• WHAT YOU NEED TO DO
Within the material below, locate the line with "2024年可交债市场投资分析报告" and the line with "WON: Bastia vs Versailles - AWAY +0.5 @ 1.64", then return those two lines and all lines between them, exactly as written.

• DATASET
********************

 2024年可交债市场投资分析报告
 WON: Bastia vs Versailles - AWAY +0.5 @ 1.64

********************

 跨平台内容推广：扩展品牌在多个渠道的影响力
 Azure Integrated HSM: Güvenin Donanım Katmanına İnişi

********************

• REPLY
 2024年可交债市场投资分析报告
 WON: Bastia vs Versailles - AWAY +0.5 @ 1.64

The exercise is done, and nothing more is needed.